March 31, 2013 | 4:01 pm
Posted by Robin Podolsky
In this season, when we celebrate freedom and the honor of obligation, let’s remember two rabbis who exemplified those values. The two teachers I have in mind were contemporaries and, for a while, neighbors. Orthodox Rabbi Sabato Morais and Reform Rabbi David Einhorn led congregations in Philadelphia in the years leading up to the USA’s Civil War. At a time when few rabbis dared (or maybe cared) to do it, these tzadikim condemned slavery forthrightly, drawing on Jewish tradition.
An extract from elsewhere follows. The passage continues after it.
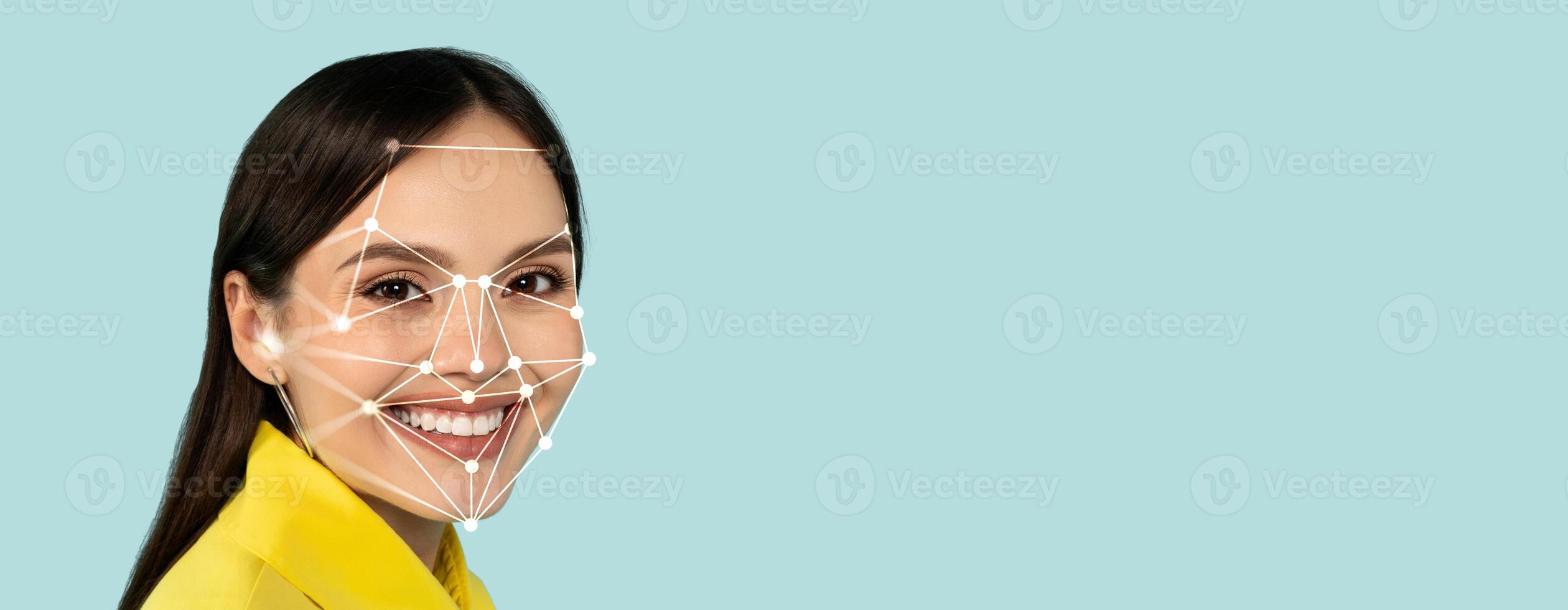 A smiling individual is shown with facial recognition technology applied to their face. The design demonstrates the identification process in a clean, isolated setting, emphasizing modern technology. photo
Sabato Morais, in his 1864 Thanksgiving sermon to Congregation Mikveh Israel said, “Not the victories of the Union, but those of freedom, my friends, do we celebrate. What is Union with human degradation? Who would again affix his seal to the bond that consigned millions to [that]? Not I, the enfranchised slave of Mitzrayim.
David Einhorn, in a 1861 Passover sermon, later expanded and published as War With Amalek, wrote, ““Is it anything else but a deed of Amalek, rebellion against God, to enslave human beings created in His image, and to degrade them to a state of beasts having no will of their own? Is it anything else but an act of ruthless and wicked violence, to reduce defenseless human beings to a condition of merchandise, and relentlessly to tear them away from the hearts of husbands, wives, parents, and children…?”
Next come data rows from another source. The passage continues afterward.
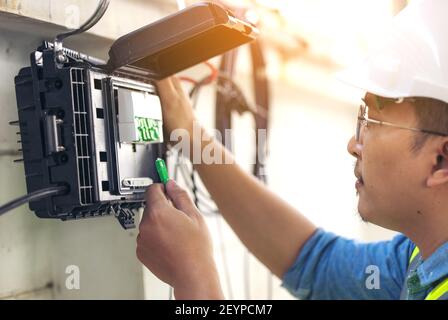 Connettore di riparazione tecnico le fibre sul vassoio splitter in primo piano all'esterno Foto Stock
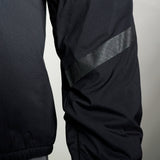 close view of reflective fabric strip on men's black active mid layer jacket for hiking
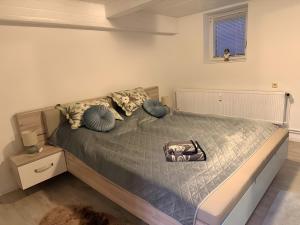 a bedroom with a bed with a gray comforter at Ferienwohnung Silbergarten in Clausthal-Zellerfeld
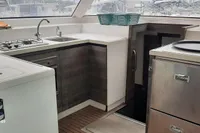 Modern kitchen interior of 2014 Nautitech 40 Open yacht with sleek design and appliances.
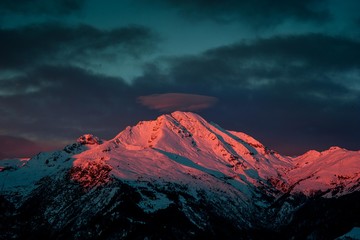 snowy mountain at sunset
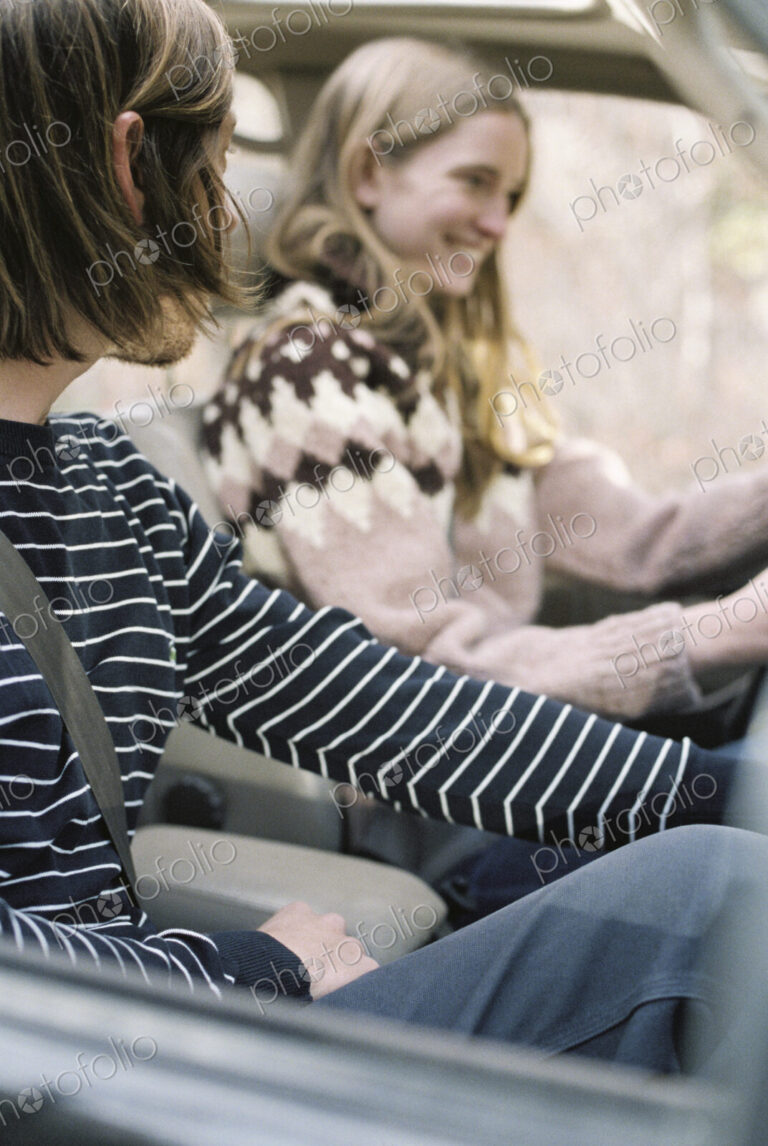 Smiling young couple driving in their car.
These teachers were unified on one of the key moral questions facing spiritual leaders of their time despite their disagreements about many other important things. Morais, a founder of Jewish Theological Seminary (JTS), was determined to maintain a halachic standard for American Jews, believing that the principles he expressed in his sermon were indissoluble from the web of study and ritual that binds Jewish communities into a people. Einhorn, a leader in American Reform Judaism advocated a Judaism rooted in prophetic discourse and a rejection of ritual commandments (hukim) in favor of the ethical ones (mishpatim). Yet each man, recalling our central narrative of redemption from slavery, responded to oppression of American slaves with the same moral clarity.
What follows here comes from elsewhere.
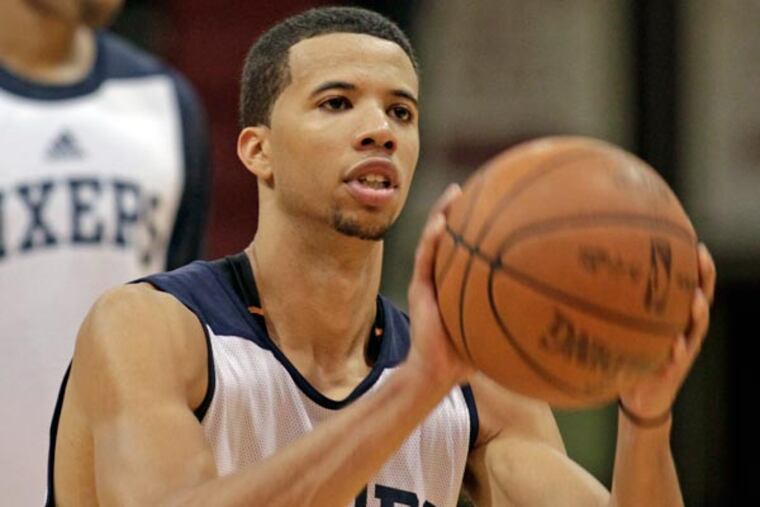 Michael Carter-Williams practices during NBA basketball training camp, Saturday, Sept. 28, 2013, in Philadelphia. (H. Rumph Jr/AP)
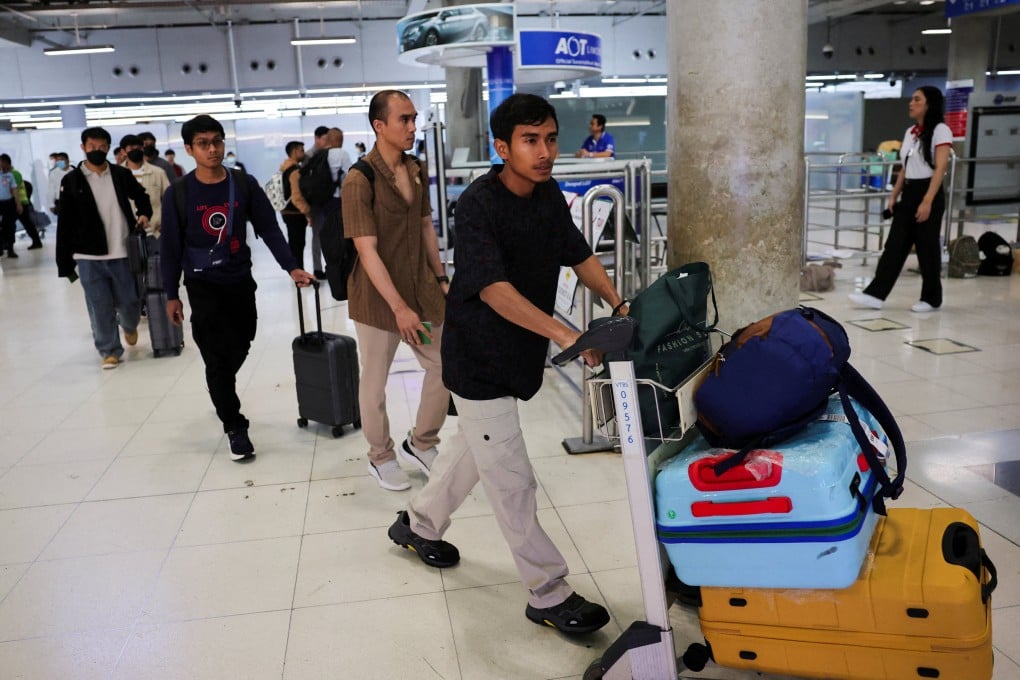 Thai crew members, rescued after their ship was hit by projectiles in the Strait of Hormuz, arrive at Suvarnabhumi International Airport in Bangkok, Thailand. Photo: Reuters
Their fates, for a while, were different, although, at the end, each was honored. It was Morais, the more traditional Jew—and, in his time, a liberal who spoke out, not only for the end of slavery, but also for the importance of women’s education, Native American rights and worker’s rights and who battled prayer in public schools and all attempts to construct the United States as a Christian nation—who kept his congregation. Despite some threats on his life and safety, Morais stayed on his bimah at Mikveh Israel where he had a lifetime contract. Thousands attended his public funeral.
Einhorn had taken up his Philadelphia pulpit at Knesset Israel, because he had, in 1861, been driven from his Baltimore pulpit at Har Sinai for his anti-slavery stance by a mob that threatened to tar and feather him. He eventually left his new congregation to settle in New York, where he led Congregation Adas Jeshurun, which would eventually merge with another synagogue to become Congregation Beth-El. There he retired and, he too, was mourned by his large Jewish community when he died.
Each left a legacy. Rabbi Abraham Joshua Heschel, a lion of the JTS, was among those rabbis who marched with Dr. Martin Luther King Junior and resolutely opposed America’s role in the Vietnam War. The Civil Rights Act of 1964 and the Voting Rights Act of 1965 were drafted on the premises of the Religious Action Center of Reform Judaism. More broadly, Orthodox Judaism, with which Morais identified is alive, and continues to sprout vigorous debates and tendencies. Conservative Judaism, for which JTS serves as a seminary, is still a halachic movement, one which sees halachah as a living, evolving tradition; and Reform Judaism continues to regard living Torah as the basis for a Jewish life. While they don’t always land on the same side of every question, each Jewish movement maintains its obligation to respond to the key issues of its day.
The USA has, more or less, caught up to Rabbis Morais and Einhorn on the question of slavery, but we should never forget how much courage it must have taken for them to speak out when they did. How can we emulate their example?